When her husband, 68 at the time, stepped between the girls, three young Hawaiian men slammed him against a vehicle, cutting his ear, and choked and punched him, Padron says. Police officers persuaded the Padrons not to press charges, saying it would be expensive for them to return for court appearances and a Hawaiian judge would side with the Hawaiian assailants, the doctor contends.
"There is no doubt in my mind [the attack] was racially motivated," she adds.
With no known hate groups and a much-trumpeted spirit of aloha or tolerance, few people outside Hawaii realize the state has a racism issue. One reason: The tourism-dependent state barely acknowledges hate crimes. That makes it hard to know how often racial violence is directed at Caucasians, who comprise about 25% of the ethnically diverse state's 1.3 million residents. Those who identify themselves as Native Hawaiian — most residents are of mixed race — account for nearly 20%.
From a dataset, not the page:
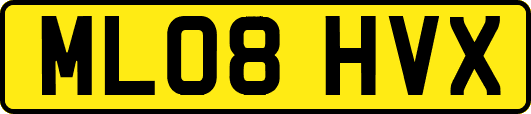 ML08HVX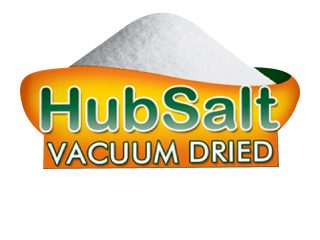 Hub Salt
Professor Haunani-Kay Trask believes Native Hawaiians have every right to feel hostile toward whites.
Hawaii has collected hate crimes data since 2002 (most states began doing so a decade earlier). In the first six years, the state reported only 12 hate crimes, and half of those were in 2006. (All other things being equal, the state would be expected to have more than 800 such crimes annually, given the size of its population, according to a federal government study of hate crimes.) There was anti-white bias in eight of those incidents. But that doesn't begin to reflect the extent of racial rancor directed at non-Native Hawaiians in the Aloha State, especially in schools. For example:
- The last day of school has long been unofficially designated "Kill Haole Day," with white students singled out for harassment and violence. (Haole — pronounced how-lee — is slang for a foreigner, usually white, and sometimes is used as a racial slur.)
- A non-Native Hawaiian student who challenged the Hawaiian-preference admission policy at a wealthy private school received a $7 million settlement this year.
- A 12-year-old white girl new to Hawaii from New York City needed 10 surgical staples to close a gash in her head incurred when she was beaten in 2007 by a Native Hawaiian girl who called her a "fukking haole."
- A vocal segment of Native Hawaiians is pushing for independence to end the "prolonged occupation" by the United States and governance by natives.
- Demonstrators shouting racial epithets at whites disrupted a statehood celebration in 2006.
Anti-white sentiments such as these have been more than 200 years in the making. The pivotal event occurred when American and European businessmen, backed by U.S. military forces, overthrew Hawaii's monarch in 1893 and placed her under house arrest two years later. The United States annexed the islands as a territory in 1898, and they became a state in 1959.
Little wonder then that as Hawaii prepares to observe the 50th anniversary of becoming the 50th state on Aug. 21, it will a muted celebration, devoid of parades or fireworks.
Classroom Warfare
Tina Mohr has lived in Hawaii for 25 years. She has Native Hawaiian friends. But in the 2003-04 school year, her twin blond-haired daughters, aged 11 at the time, began getting harassed by Native Hawaiian kids at their school on the Big Island. "Our daughters would come home with bruises and cuts," she tells the
Intelligence Report.
One of her girls was assaulted twice in the same day. In one scuffle, she had her head slammed into a wall, and her attacker continued to threaten her. Her daughter suffered a dislocated jaw and had headaches for five weeks, Mohr says.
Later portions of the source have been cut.